There are elements of a domestic thriller in this book, although I’d land it firmly in the ‘literary fiction with a twist of humour’ category. Kaspar alludes to some peculiar, even dangerous moments of his childhood, especially those surrounding his father’s death. He stretches the reader’s curiosity as far as possible, dropping clues of what really happened in between his running commentary on the value of keeping a ‘butt bag’ (basically a little baggie of cigarette butts he finds that still have a few puffs in them) and the impracticality of girls’ shoes. He’s a very observant 12-year-old, so not much goes unnoticed by him. There are a few things that he doesn’t comment on directly, but based on his descriptions, the reader understands what’s really going on, even if Kaspar doesn’t. I liked this feeling of omniscience as a reader because it helps situate you in the plot and setting, firmly planting you right alongside Kaspar as he exasperates the town locals with his run down bicycle and black rubber boots.

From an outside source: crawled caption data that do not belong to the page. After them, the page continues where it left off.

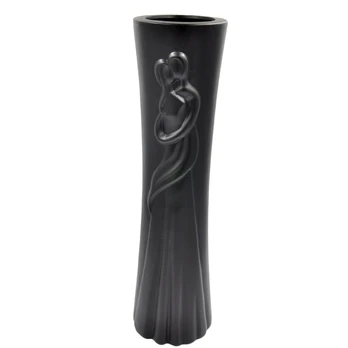 Keraminė vaza, h 58 cm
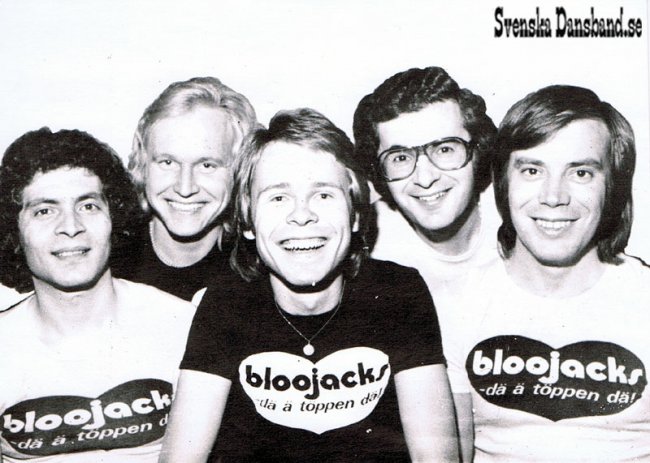BLOOJACKS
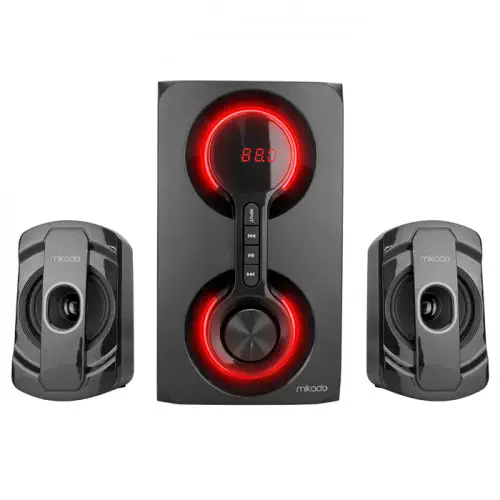 Mikado MD-221BT Gaming Speaker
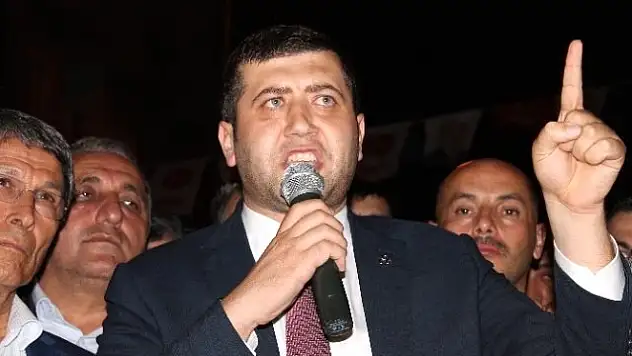 KAYSERİ TRAFİĞİNİ İŞTE BU ZİHNİYET FELÇ ETTİ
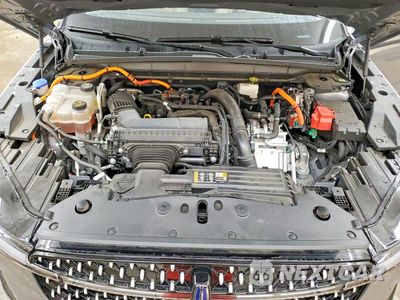 Zdjęcie 12 z 13 samochodu: 2025 LINCOLN NAUTILUS PREMIERE VIN:5LMPJ8J42SJ905258 - miniatura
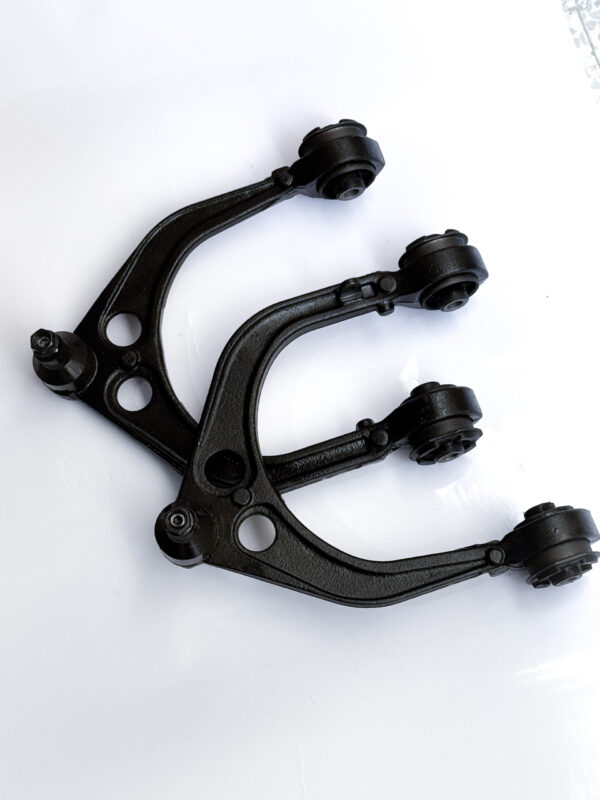 Upper Control Arm Set-Front Left & Right-4782665AC-04782666AB For Chrysler Models - Image 3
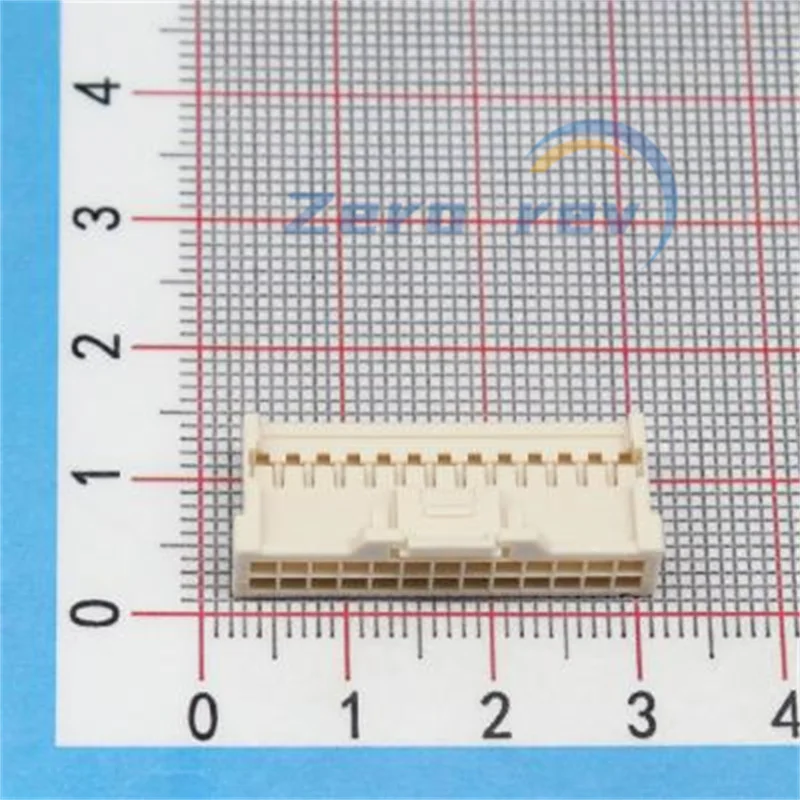 

10-50Pcs 100% New 501646-2600 5016462600 CONN RCPT HSG 26POS 2.00MM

Because he’s used to watching older movies with his grandparents, his dialect is somewhat outdated but always amusing, which is endlessly entertaining to imagine coming from a kid’s mouth. Here he recounts a run-in with a nun at his school:
“She pulled me aside and finger-waggle-reminded me that she was the one who promoted me to the legion and that I had not only embarrassed the school, but her too. When I hit her with my “suck my potatoes” comment for my Charles Schulz theme essay a few days later, and she kicked me out of class, that was her way of telling me my leash was only so long” (p. 155).
Kaspar is not only the main source of entertainment in this book, he IS the book. His speeches, his impressive ability to take charge in any situation, his practical nature combined with the work ethic of growing up on a farm all come together to create one of the most memorable characters I’ve read in years. Although his day seems extraordinary with all the strange and dangerous situations he finds himself in, it’s his manner of storytelling that truly keeps the pages turning. And because we only follow him over the course of one day, there is lots that is alluded to, but never confirmed. This inability to know anything for certain forces the reader to just sit in the moment and enjoy it for what it is, especially with the knowledge that this is Kaspar’s last day on earth. I highly doubt a larger publisher would ever release a book like this, it’s just too different to bank on big book sales. But, by taking a chance on this slim novel, you’ll be richly rewarded with a new character that will remain with you for months to come.